The last few days of work before opening day all kind of blur into one. The concrete floor had finally been covered with the reclaimed wood; a change that completely transformed the look of the place and so a major stepping stone of progress! The beer pumps and cellar system had been replaced and we all enjoyed a few draft beers and ciders that just tasted perfect. We had also celebrated Al’s birthday during this refurb time. Just Mel, Richard, Al and myself, with my folks and sisters who were at home. A small affair, but another excuse to have a night off building and decorating. In fact this evening of celebration coincided with the annul village Funday, and we could hear the raucous laughter and partying from the beer garden, and did think, ‘we cannot wait to become part of this village’.
Opening day. To say we were unprepared would be an understatement. The place still looked like a building site, we still had some painting bits to do, cleaning, and food to prepare for opening night (we were doing kebabs that evening). We had no float, no till set up, had saw dust everywhere, chairs and tables piled high. No loo roll in the toilets, no soap, no hand towels, no bins. I am not 100% sure how we did it, but I remember Al and Richard having to spend the morning tweaking a few building bits, while Mel and I flicked the last few bits of paint onto those much needed places. I then ventured into town to buy the toilet bits, grab some float and last minute extras for the food offering that evening.

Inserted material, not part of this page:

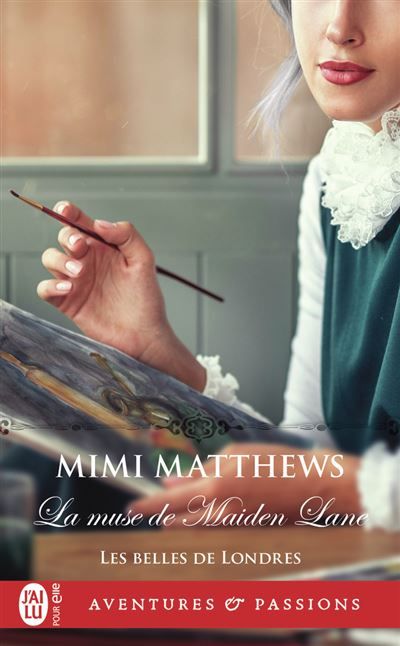 La muse de Maiden Lane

Some refurb progress, new beer lines and new floor
When I returned, Richard was frantically trying to get food ready, while Al and Mel were
throwing anything building related up into the flat, rubbish into a heap at one corner of the beer garden and making what was left fit into places that made the pub look like a pub. 3pm, one hour until opening. Mel was cleaning all public areas, I was setting up the bar, Al was cordoning off the rubbish in the garden, screwing the last few floor boards to the floor in the ladies loo. 3.30pm, Al shouts that Mel and I should grab 5 mins and change ready for opening. At 3.45pm, I am writing a welcome note on the board in the bar, with an opening price list, while Mel is running a mop around all public areas, Al is still moving anything non-pub up into the flat. At 4.05pm (five mins late), I opened the door for the first time trading at The Black River Inn with Al watching and photographing the momentous moment; Mel was just finishing the mopping. Phew, we had done it; just!
Opening day still remains ingrained in our memories. Meeting so many people, new names,
local and slightly further afield. Being asked a million questions on our plans. At the close of play that evening, the 4 of us were absolutely shattered, but chuffed with what we had achieved, excited at the prospect of what was to come, and definitely ready for bed.